199  * Devices that are on the same socket use the same set of bus numbers; however,
200  * some sockets have multiple device numbers that they'll use to represent
201  * different classes. These bus numbers are programmed by systems firmware as
202  * part of powering on the system. This means, that we need the ability to
203  * map together these disparate ranges ourselves.
204  *
205  * There is a device called a utility box (UBOX), which exists per-socket and
206  * maps the different sockets together. We use this to determine which devices
207  * correspond to which sockets.
208  *
209  * Mapping Sockets
210  * ---------------
211  *
212  * Another wrinkle is that the way that the OS sees the numbering of the CPUs is
213  * generally based on the APIC ID (see uts/i86pc/os/cpuid.c for more
214  * information).

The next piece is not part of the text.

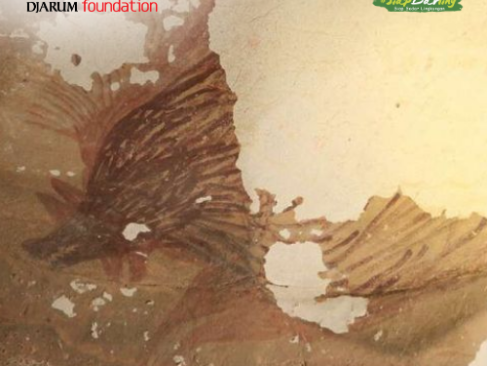 Lukisan Gua di Goa Meratus yang Bikin Ilmuwan Modern Geleng-geleng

However, to map to the corresponding socket, we need to look at
215  * the socket's node ID. The order of PCI buses in the system is not required to
216  * have any relation to the socket ID. Therefore, we have to have yet another
217  * indirection table in the imc_t.
218  *
219  * Exposing Data
220  * -------------
221  *
222  * We expose topology data to FMA using the OS-private memory controller
223  * interfaces. By creating minor nodes of the type, 'ddi_mem_ctrl', there are a
224  * number of specific interfaces that we can then implement. The ioctl API asks
225  * us for a snapshot of data, which basically has us go through and send an
226  * nvlist_t to userland. This nvlist_t is constructed as part of the scan
227  * process. This nvlist uses the version 1 format, which more explicitly encodes
228  * the topology in a series of nested nvlists.
229  *
230  * In addition, the tool /usr/lib/fm/fmd/mcdecode can be used to query the
231  * decoder and ask it to perform decoding.
232  *
233  * Decoding Addresses
234  * ------------------
235  *
236  * The decoding logic can be found in common/imc/imc_decode.c. This file is
237  * shared between the kernel and userland to allow for easier testing and
238  * additional flexibility in operation. The decoding process happens in a few
239  * different phases.
240  *
241  * The first phase, is to determine which memory controller on which socket is
242  * responsible for this data. To determine this, we use the system address
243  * decoder and walk the rules, looking for the correct target. There are various
244  * manipulations to the address that exist which are used to determine which
245  * index we use. The way that we interpret the output of the rule varies
246  * somewhat based on the generation. Sandy Bridge just has a node ID which
247  * points us to the socket with its single IMC. On Ivy Bridge through Broadwell,
248  * the memory controller to use is also encoded in part of the node ID. Finally,
249  * on Skylake, the SAD tells us which socket to look at. The socket in question
250  * then has a routing table which tells us which channel on which memory
251  * controller that is local to that socket.
252  *
253  * Once we have the target memory controller, we walk the list of target address
254  * decoder rules. These rules can help tell us which channel we care about
255  * (which is required on Sandy Bridge through Broadwell) and then describe some
256  * amount of the interleaving rules which are used to turn the system address
257  * into a channel address.
258  *
259  * Once we know the channel and the channel address, we walk the rank interleave
260  * rules which help us determine which DIMM and the corresponding rank on it
261  * that the corresponding channel address is on. It also has logic that we need
262  * to use to determine how to transform a channel address into an address on
263  * that specific rank. Once we have that, then the initial decoding is done.
264  *
265  * The logic in imc_decode.c is abstracted away from the broader kernel CMI
266  * logic.  This is on purpose and allows us not only an easier time unit testing
267  * the logic, but also allows us to express more high fidelity errors that are
268  * translated into a much smaller subset. This logic is exercised in the
269  * 'imc_test' program which is built in 'test/os-tests/tests/imc'.
270  *
271  * Limitations
272  * -----------
273  *
274  * Currently, this driver has the following limitations:
275  *
276  *  o It doesn't decode the row and column addresses.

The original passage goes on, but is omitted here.